Cooperative parents who fulfill that supposed obligation should understand that they are acting as target-spotters, as well. Ms. Monaco fills the position once occupied by incumbent CIA chief John Brennan, who had previously been the keeper of the "Kill List" used by Barack Obama and other key advisers during Tuesday meetings in which targets for drone strikes are identified.
A May 29, 2012 New York Times report of one of this secretive committee's meetings described a roster of "15 Qaeda suspects" in northern Africa, many whom "were teenagers, including a girl who looked even younger than her 17 years." Several of the prospective drone targets, the paper points out, "were Americans."
This was the same process that, about eight months earlier, led to the Obama Regime's drone murder of 16-year-old Abdulrahman al-Awlaki, whose only crime was to be the son of a man regarded as an enemy of the State.

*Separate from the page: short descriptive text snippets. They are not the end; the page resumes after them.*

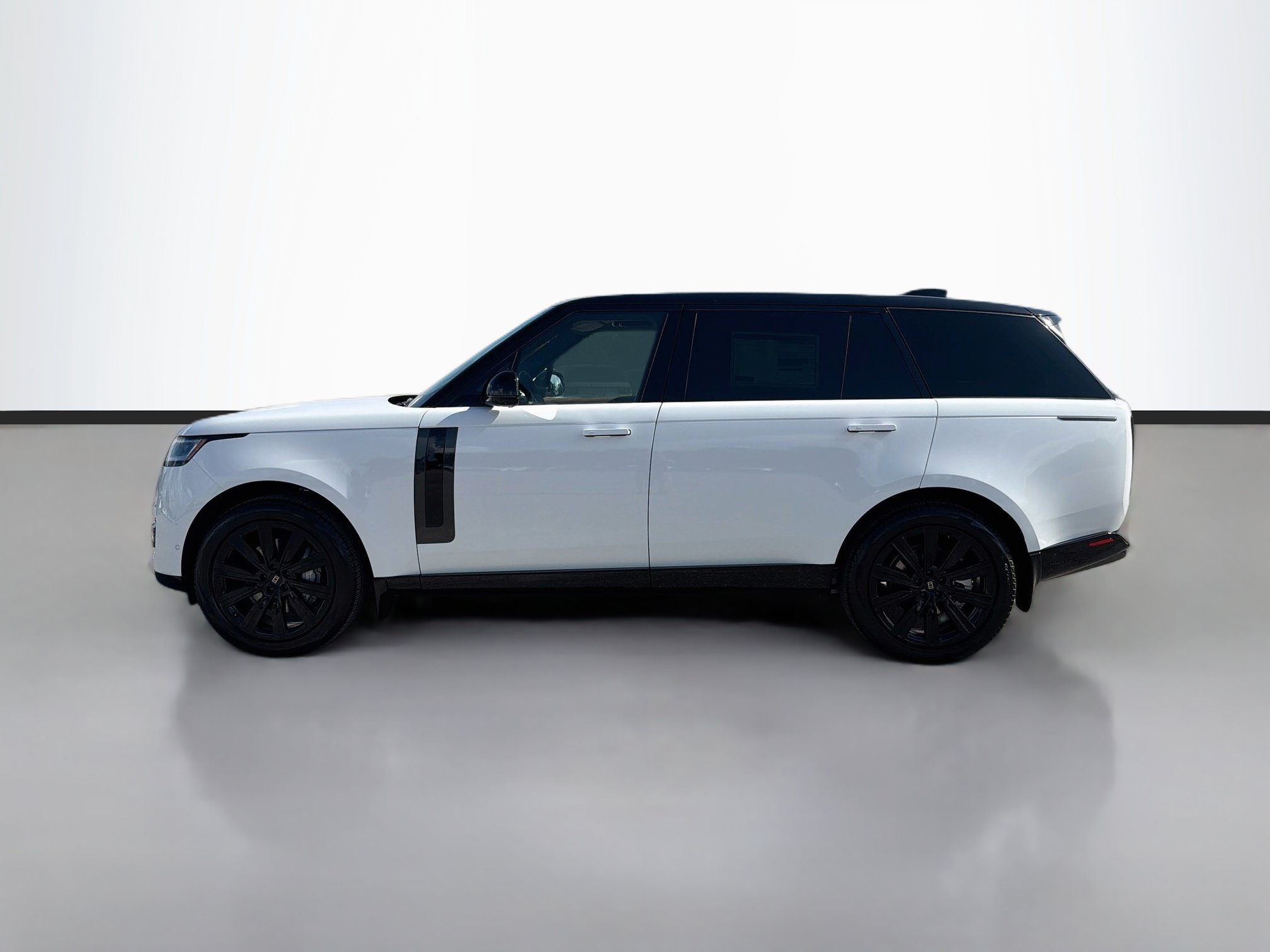 New 2027 Land Rover Range Rover Long Wheelbase SE AWD/4WD image 2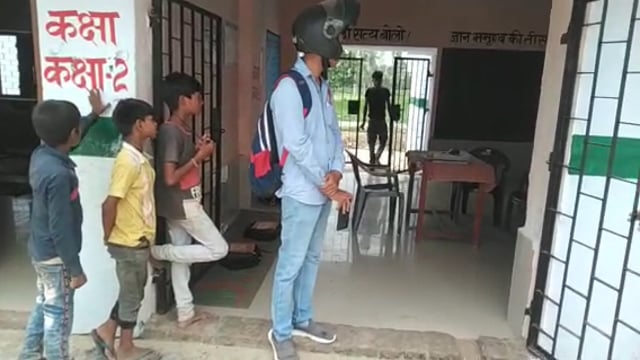 वजीरगंज के अंतर्गत ग्राम पंचायत बड़कुइया प्राथमिक विद्यालय मिर्जापुर में ग्रामीणों की शिकायत नहीं मिल रहा बच्चों को मिड 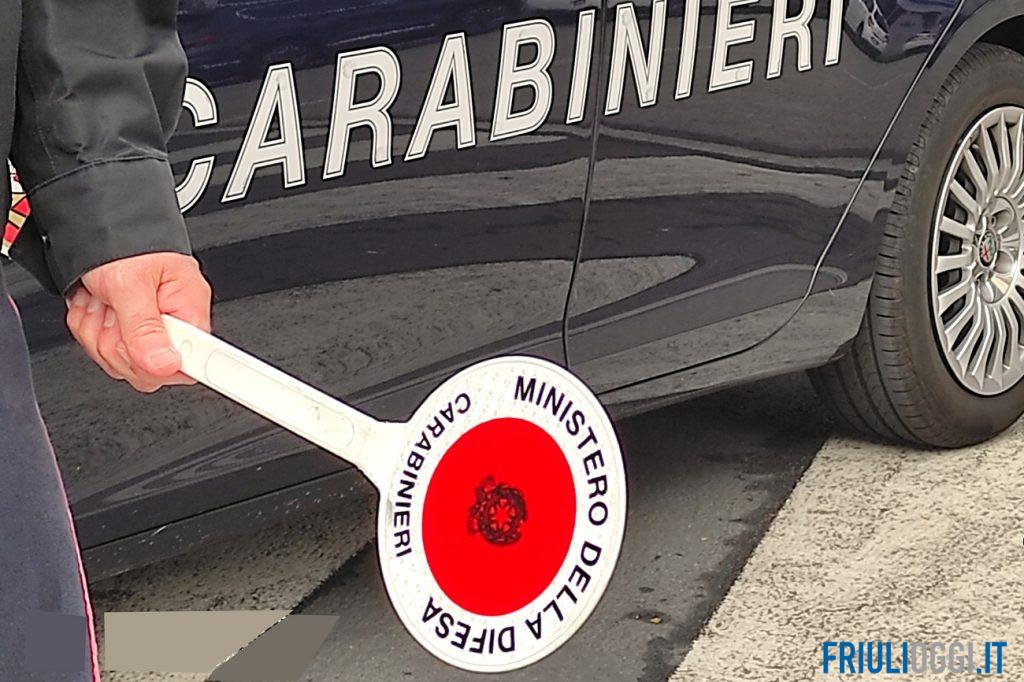 Ubriaco alla guida del trattore senza patente: gli era stata ritirata il giorno prima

There's compelling evidence that Abdulrahman's execution was official retaliation against the Awlaki family for refusing to help the Regime track down and kill the boy's father, militant Islamic Anwar al-Awlaki.
Monaco's speech makes it clear that the Regime expects parents to turn in their politically troublesome children. The murder of Abdulrahman al-Awlaki demonstrates what the Regime is willing to do in order to punish families who refuse to collaborate.